The pessimism in speculation about the economic effects of artificial intelligence is often so overwhelming that these opposing concerns can even come from the same person. AI is evolving fast enough that we should not entirely ignore the economic doomers, though it would be nice if they could at least be consistent.
But it is essential to balance the discussion with some optimism. I can see glimmers of hope in a simple fact: There are many jobs and tasks that easily could have been automated by now — the technology to automate them has long existed — and yet we humans continue to do them. The reason is that demand will always exist for certain jobs that offer what I call “the human touch.”
The specific jobs that require the human touch may themselves change or evolve, but I suspect that such jobs will continue to exist long into the future.
The music never stops
To understand why, we begin with an example from the past. The distant past.
The player piano, or pianola, was invented by Edwin Votey in 1895. At first it was a stand-alone machine that would be pushed up against an existing piano, like the one shown below.
Within a few years, player pianos could be built into the pianos themselves. The machines “read” music that was encoded onto rolls of paper. The notes were represented as holes in the paper that directed pneumatic airflow, which then pushed down the levers that depressed the piano keys.

The only role for humans to play in the functioning of a player piano was to pump the pneumatic foot pedals to keep the piano playing. No need for a skilled human piano player.1
And yet, despite the technology to fully automate the job having been invented more than a century ago, people still make a living playing the piano today.
The job is not just limited to piano players performing in ticketed concert events, which of course are quite common. Hotels, bars, and restaurants continue to hire live piano players to provide background music as if it was 1894, the year before the invention of the pianola, which itself is hardly ever used anymore.
Listeners simply prefer music from a piano player rather than a player piano.
The greater competition for live musicians these days comes from a different and a far less literal type of automation: music recordings.
The act of creating recorded music obviously requires human musicians. But once the music exists, it is easy to fully automate what could otherwise be a live musical performance. Like the player piano, this form of automation has been around for a very long time. Thomas Edison invented the phonograph in 1877. The first commercial version was released in 1895.

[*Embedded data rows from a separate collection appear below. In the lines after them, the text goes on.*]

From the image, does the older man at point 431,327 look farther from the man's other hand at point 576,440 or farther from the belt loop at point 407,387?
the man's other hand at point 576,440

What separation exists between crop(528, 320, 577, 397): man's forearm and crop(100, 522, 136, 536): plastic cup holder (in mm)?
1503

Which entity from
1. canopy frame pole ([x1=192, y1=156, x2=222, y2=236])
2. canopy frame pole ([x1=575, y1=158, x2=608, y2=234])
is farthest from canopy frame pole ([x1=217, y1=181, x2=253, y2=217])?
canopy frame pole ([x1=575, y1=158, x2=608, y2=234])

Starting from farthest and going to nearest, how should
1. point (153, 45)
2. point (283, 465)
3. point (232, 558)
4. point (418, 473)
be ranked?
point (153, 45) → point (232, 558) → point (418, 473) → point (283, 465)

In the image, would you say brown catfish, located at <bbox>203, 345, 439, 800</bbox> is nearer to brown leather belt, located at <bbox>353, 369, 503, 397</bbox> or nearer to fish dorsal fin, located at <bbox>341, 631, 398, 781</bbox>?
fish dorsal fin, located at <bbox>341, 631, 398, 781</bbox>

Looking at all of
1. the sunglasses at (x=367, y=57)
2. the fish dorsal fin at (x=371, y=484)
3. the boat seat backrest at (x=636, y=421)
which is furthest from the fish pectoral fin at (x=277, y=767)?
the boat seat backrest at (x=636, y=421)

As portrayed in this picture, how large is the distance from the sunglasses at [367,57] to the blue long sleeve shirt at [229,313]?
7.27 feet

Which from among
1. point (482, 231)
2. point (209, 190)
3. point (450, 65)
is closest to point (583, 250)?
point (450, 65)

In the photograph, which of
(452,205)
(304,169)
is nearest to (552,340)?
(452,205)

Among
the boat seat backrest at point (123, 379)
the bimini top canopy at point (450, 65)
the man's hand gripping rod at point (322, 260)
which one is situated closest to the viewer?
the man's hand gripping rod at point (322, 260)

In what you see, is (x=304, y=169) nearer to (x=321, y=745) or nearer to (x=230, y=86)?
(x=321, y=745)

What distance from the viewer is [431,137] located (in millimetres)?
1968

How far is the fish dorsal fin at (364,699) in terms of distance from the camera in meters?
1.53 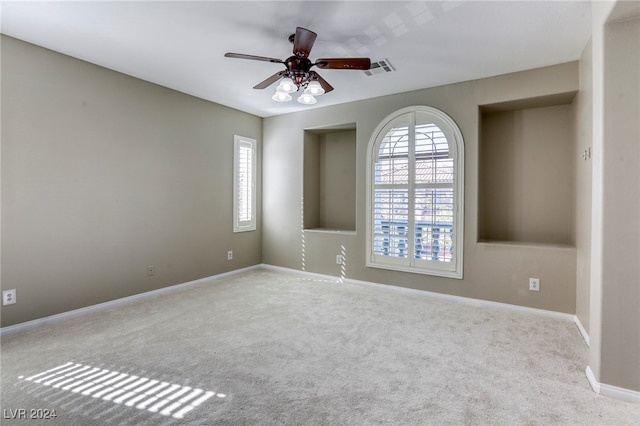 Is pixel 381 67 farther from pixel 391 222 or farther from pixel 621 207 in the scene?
pixel 621 207

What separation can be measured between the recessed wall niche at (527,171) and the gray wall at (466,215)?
0.64ft

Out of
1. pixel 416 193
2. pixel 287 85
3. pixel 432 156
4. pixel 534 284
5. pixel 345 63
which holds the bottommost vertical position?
pixel 534 284

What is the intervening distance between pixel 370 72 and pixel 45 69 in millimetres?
3255

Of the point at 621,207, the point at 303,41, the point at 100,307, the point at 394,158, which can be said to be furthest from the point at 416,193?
the point at 100,307

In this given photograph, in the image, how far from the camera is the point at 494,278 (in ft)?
12.2

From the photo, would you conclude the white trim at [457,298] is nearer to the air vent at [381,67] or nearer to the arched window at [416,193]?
the arched window at [416,193]

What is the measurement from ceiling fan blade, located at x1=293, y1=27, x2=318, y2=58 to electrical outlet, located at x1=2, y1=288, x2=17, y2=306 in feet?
10.8

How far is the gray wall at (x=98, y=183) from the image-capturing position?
9.70 feet

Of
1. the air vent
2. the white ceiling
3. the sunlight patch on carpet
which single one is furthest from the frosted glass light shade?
the sunlight patch on carpet

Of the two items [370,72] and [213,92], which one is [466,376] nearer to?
[370,72]

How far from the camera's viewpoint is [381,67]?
3.47 meters

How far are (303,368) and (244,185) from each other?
361cm

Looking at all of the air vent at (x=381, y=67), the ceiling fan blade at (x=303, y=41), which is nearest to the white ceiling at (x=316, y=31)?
the air vent at (x=381, y=67)

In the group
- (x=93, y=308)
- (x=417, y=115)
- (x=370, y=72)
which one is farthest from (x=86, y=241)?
(x=417, y=115) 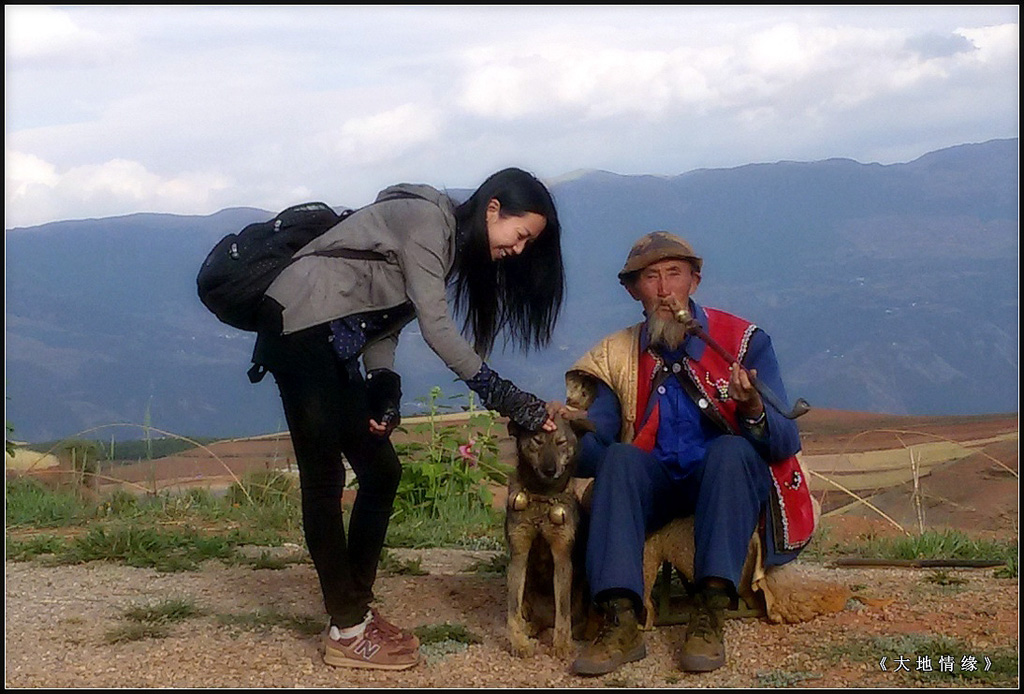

From tinfoil phonograph cylinders to Spotify today, live music has long faced competition from recorded music, which over time has been produced at lower and lower cost and heard by listeners with greater and greater convenience.
This competition has aroused plenty of worry in musicians through the years. In 1927, the movie The Jazz Singer debuted as the first full-length movie with synchronized recorded music. It pointed to the eventual end of silent movies — in addition to the need for the live musicians to accompany them. Musicians panicked. The Music Defense League was launched to spend hundreds of thousands of dollars campaigning against “canned music,” arguing that it would take work from musicians.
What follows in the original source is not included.